Keep the pictures out of your copy. Transcribe the records below exactly.

Short text fragments from websites:
-------

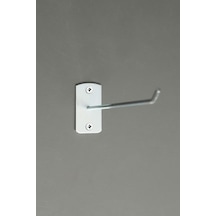 Uzmangrupraf Uzman Grup Raf Vidalı Kanca-Kanca-Raf Aksesuarı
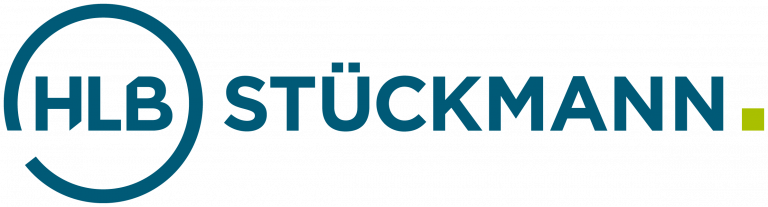 Logo des Unternehmens HLB Stückmann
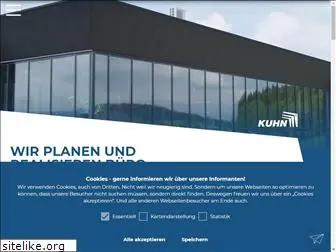 kuhn-bau.de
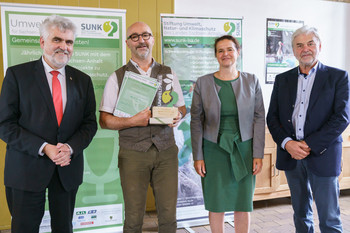 Umweltpreis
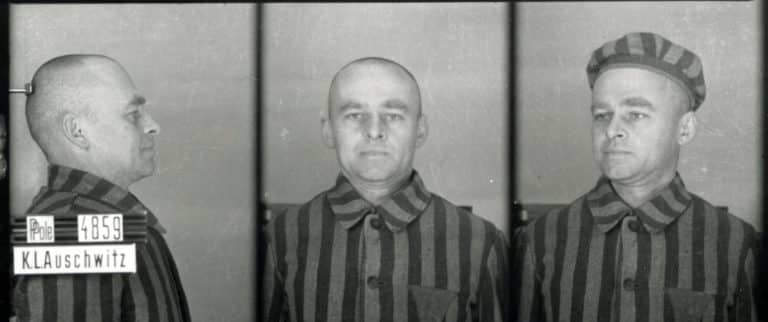 Kalendarium historyczne: 19 września 1940 – Niemcy aresztują Witolda Pileckiego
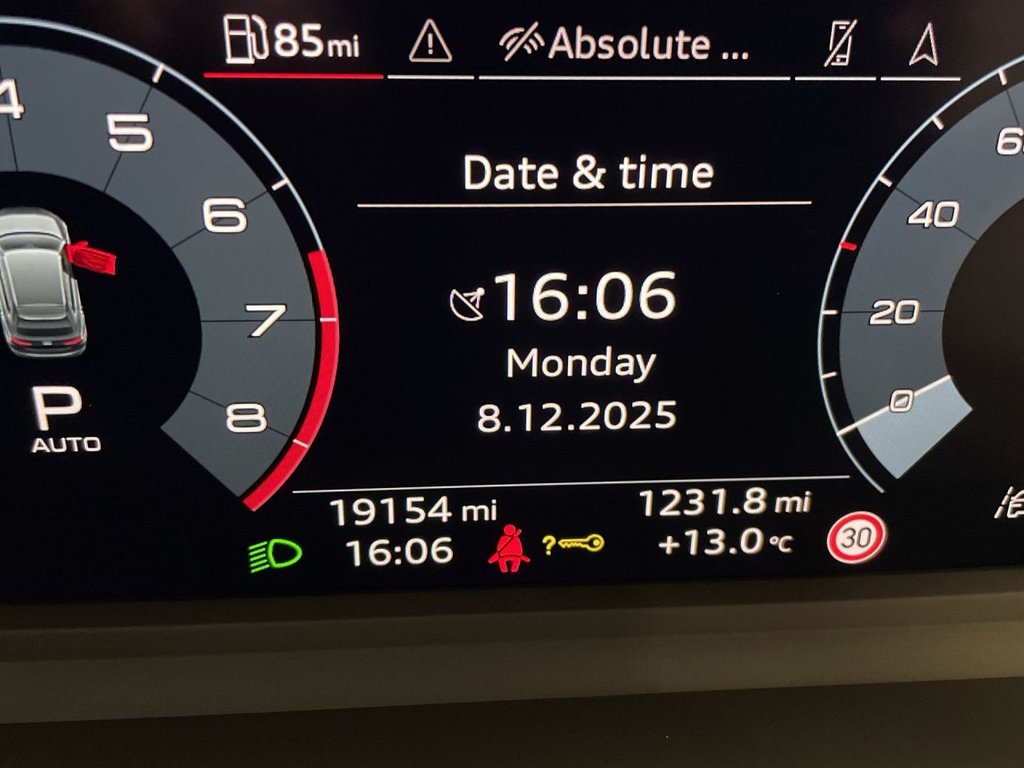 Used Audi A3 2023 for sale - 76768689: Photo 25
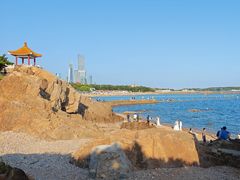 -八大关景区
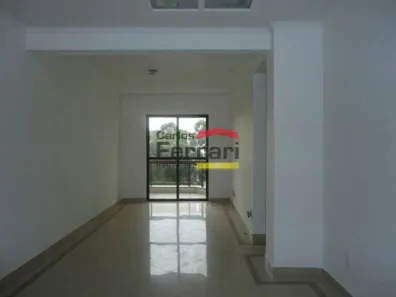 Apartamento com 3 Quartos à venda, 90m² no Parque Mandaqui, São Paulo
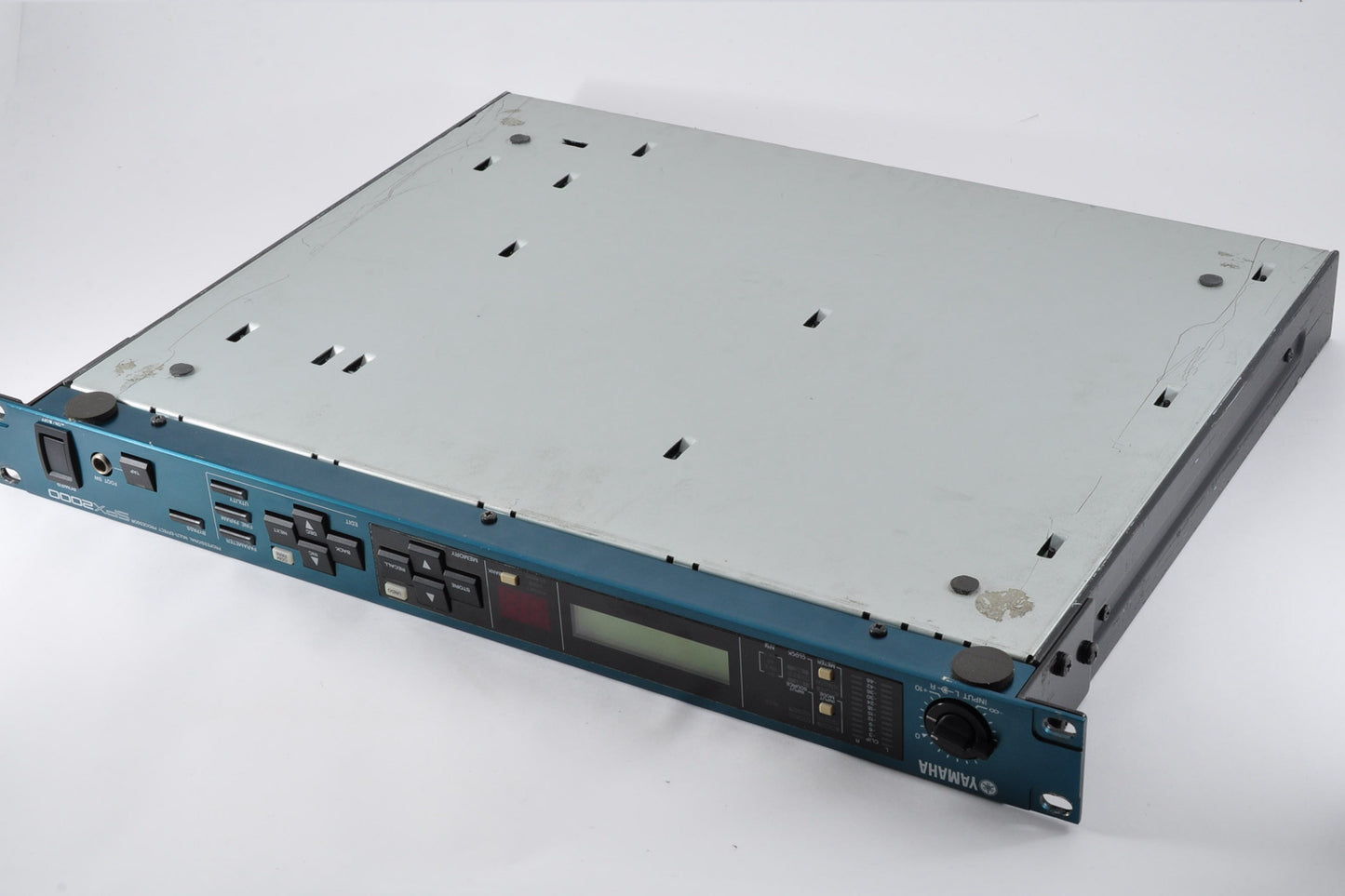 Yamaha SPX2000 Professional Digital Multi Effects Processor Made In Japan Used From Japan #JAQZ01031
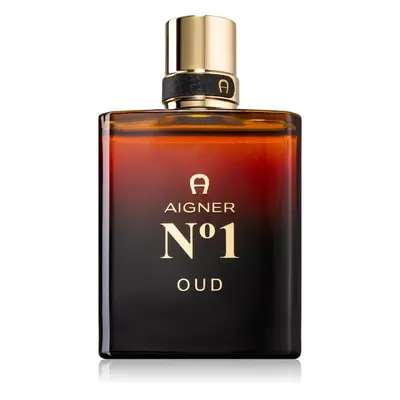 Etienne Aigner No. Oud Eau de Parfum pour homme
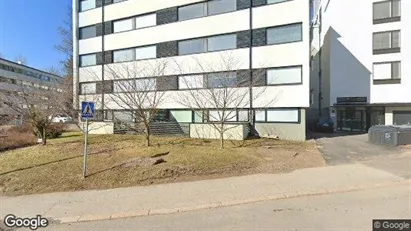 Apartments for rent in Helsinki Pohjoinen - Photo from Google Street View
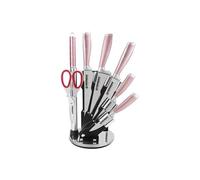 Set de couteaux 8 Pièces Rouge HGSKN8-RED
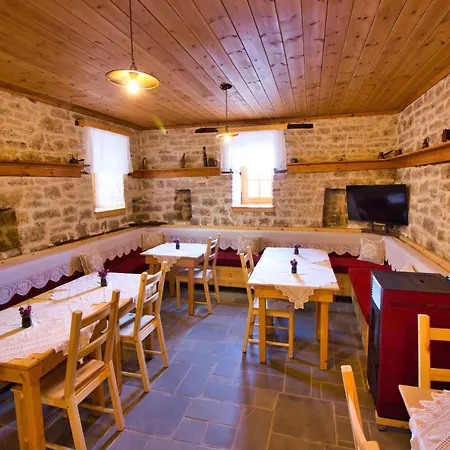 Argyropolis Boutique Gjirokastër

-------

§ Answer section:
 Uzmangrupraf Uzman Grup Raf Vidalı Kanca-Kanca-Raf Aksesuarı
 Logo des Unternehmens HLB Stückmann
 kuhn-bau.de
 Umweltpreis
 Kalendarium historyczne: 19 września 1940 – Niemcy aresztują Witolda Pileckiego
 Used Audi A3 2023 for sale - 76768689: Photo 25
 -八大关景区
 Apartamento com 3 Quartos à venda, 90m² no Parque Mandaqui, São Paulo
 Yamaha SPX2000 Professional Digital Multi Effects Processor Made In Japan Used From Japan #JAQZ01031
 Etienne Aigner No. Oud Eau de Parfum pour homme
 Apartments for rent in Helsinki Pohjoinen - Photo from Google Street View
 Set de couteaux 8 Pièces Rouge HGSKN8-RED
 Argyropolis Boutique Gjirokastër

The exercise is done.